J’ai longuement été hanté par l’image de routes et de sentiers dans une nuit mate et ancestrale. La persistance de cette vision m’a projeté, longtemps après le coucher du soleil, au devant de cheminements nocturnes, à la lumière dérisoire d’une lampe de poche. À la recherche de ces images.
Sur ces pistes plongées dans le noir, le marcheur ne connaît pas son horizon. L’avenir se refuse à lui dans une visibilité réduite, obtuse et même anxiogène. Rien ne semble exister au-delà des contours dessinés par le faisceau de la torche. Néanmoins, comme à une grande profondeur dans des abysses où la lumière ne parvient pas, la progression se fait, lentement, comme un acte de foi, animée par la certitude de trouver derrière cette obscurité la continuité du chemin toujours renouvelée. Et à chaque pas, l’incertitude de ce qui va émerger de l’ombre est vaincue, à mesure que se déplie devant nous la suite de notre trajet.
Ce voyage ne connaît que son opiniâtreté à continuer. Apparaissent dans cette irrésistible poussée vers l’inconnu des formes telluriques, les ombres d’animaux fantastiques, d’invisibles croisées de chemins et une fascination mêlée d’une peur ancienne. Car à chaque avancée, se repose la question. Celle de risquer un pas de plus quitte à découvrir que rien n’émerge plus du néant. La peur de l’inconnu, celle de trébucher, de voir se terminer le sentier opposent à notre envie d’avancer un doute glaçant qu’il faut savoir combattre.
Attendre l’éclaircie qui viendrait lever ce doute, qui viendrait illuminer pour nous la suite du chemin d’une révélation décisive est une illusion séduisante mais funeste qui tente le marcheur d’un immobilisme rassurant mais vaincu. Car arrêté, nous sommes sans défense contre ces ténèbres qui progressent alors vers nous, réduisant le champs des possibles jusqu’à l’extinction de notre source de lumière.

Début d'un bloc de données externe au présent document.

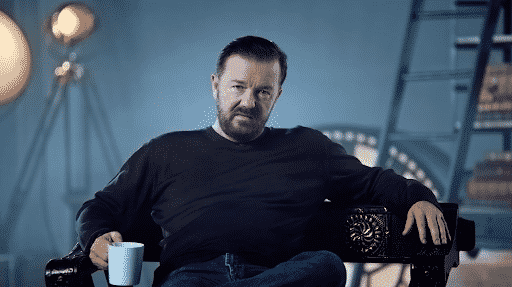 Ricky Gervais annuncia che Netflix ha già approvato due suoi nuovi progetti (VIDEO)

Finalement, il apparaît clair que l’enjeu est là. Plus que l’exploration de la suite du chemin, plus que l’hypothèse d’une destination, il s’agit de faire survivre en nous le mouvement. Dès lors, il convient d’embrasser l’incertitude, de contempler sereinement l’inconnu, de se résoudre à cet avenir irrésolu et de ne pas cesser cette progression à tâtons dont la petite flamme minuscule, seule, continue à éclairer pour nous la nuit du monde.